Optimizing sampling design for landscape genomics
Data files
Nov 18, 2024 version files 13.75 GB
-
LGS_simulation_archive.tar.gz
13.75 GB
-
README.md
1.98 KB
Abstract
Landscape genomic approaches for detecting genotype-environment associations (GEA), isolation by distance (IBD), and isolation by environment (IBE) have seen a dramatic increase in use, but there have been few thorough analyses of the influence of sampling strategy on their performance under realistic genomic and environmental conditions. We simulated 24,000 datasets across a range of scenarios with complex population dynamics and realistic landscape structure to evaluate the effects of the spatial distribution and number of samples on common landscape genomics methods. Our results show that common analyses are relatively robust to sampling scheme as long as sampling covers enough environmental and geographic space. We found that for detecting adaptive loci and estimating IBE, sampling schemes that were explicitly designed to increase coverage of available environmental space matched or outperformed sampling schemes that only considered geographic space. When sampling does not cover adequate geographic and environmental space, such as with transect-based sampling, we detected fewer adaptive loci and had higher error when estimating IBD and IBE. We found that IBD could be detected with as few as nine sampling sites, while large sample sizes (e.g., greater than 100 individuals) were crucial for detecting adaptive loci and IBE. We also demonstrate that, even with optimal sampling strategies, landscape genomic analyses are highly sensitive to landscape structure and migration — when spatial autocorrelation and migration are weak, common GEA methods fail to detect adaptive loci.

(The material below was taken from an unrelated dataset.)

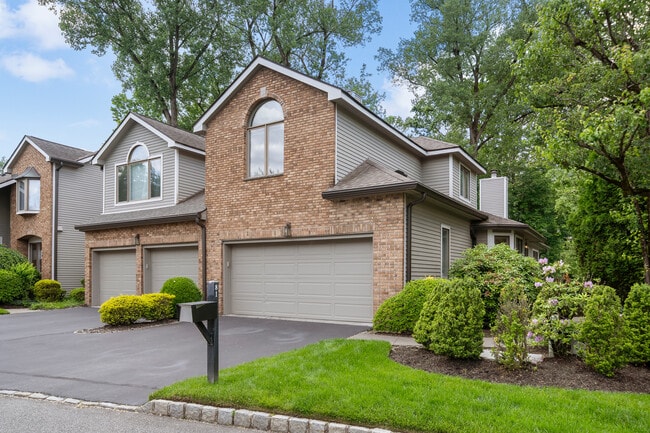 Building Photo - 81 Lakeview Dr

https://doi.org/10.5061/dryad.63xsj3v8s
This dataset contains a compressed tarball (.tar.gz) with the simulation data used in “Optimizing sampling design for landscape genomics”
Description of the data and file structure
The tarball must first be unpacked. For example, this can be done using this bash code:
tar -xzvf LGS_simulation_archive.tar.gz
The tarball contains 960 pairs of CSV files and Variant Call Format (VCF) files with genomic data for each of the 960 simulations. The tarball also contains CSV files ending in NONNEUTS which provide the indices of the adaptive loci corresponding to each simulated trait.
Each file is titled as such:
mod-K[1 or 2]_phi[50 or 100]_m[25 or 100]_H[5 or 50]_r[30 or 60]_it-[1-10]_t-6000_spp-spp_0
The values within brackets represent the different low/high parameter levels (e.g., K1 = small population and K2 = large population) or the iteration (1 through 10)
File name abbreviations are:
K = population size
phi = selection strength
m = migration rate
H = spatial autocorrelation
r = environmental correlation
it = iteration
See the original paper for more information on these parameters.
The CSV files contain geospatial data for the simulated individuals. The columns are:
idx = individual ID (matches with VCF)
z = individual phenotypes ([trait1, trait2])
e = individual environments ([environment 0, environment 1, environment 2])
age = individual age (in model timesteps)
sex = individual sex
x = individual x coordinate
y = individual y coordinate
The VCF files follow standard VCF formatting and have the same IDs as the CSV files.
Code/Software
The code and additional files used to generate this data are archived on Zenodo (DOI 10.5281/zenodo.14009717)
The most recent version of this code can be found on GitHub: https://github.com/AnushaPB/LandGenSamp
This dataset was generated from simulations run in Python version 3.9.7 (Van Rossum & Drake, 2009) using Geonomics version 1.3.9 (Terasaki Hart et al., 2021). We ran simulations varying population size, migration rate, selection strength, spatial autocorrelation, and environmental correlation, each at a “low” and “high” level. We ran 10 replications of each simulation to capture variation in results due to stochasticity. Together with three sets of simulated landscapes, this produced a total of 960 simulations (30 repetitions of each of 32 unique parametrizations). This dataset contains a compressed tarball (.tar.gz) with 960 pairs of CSV files and Variant Call Format (VCF) files with genomic data for each of the 960 simulations. A complete description of the methods used to collect and process this dataset is available in the corresponding paper (Bishop et al., 2024). The corresponding code used to create these simulations is archived on Zenodo (DOI 10.5281/zenodo.14009716).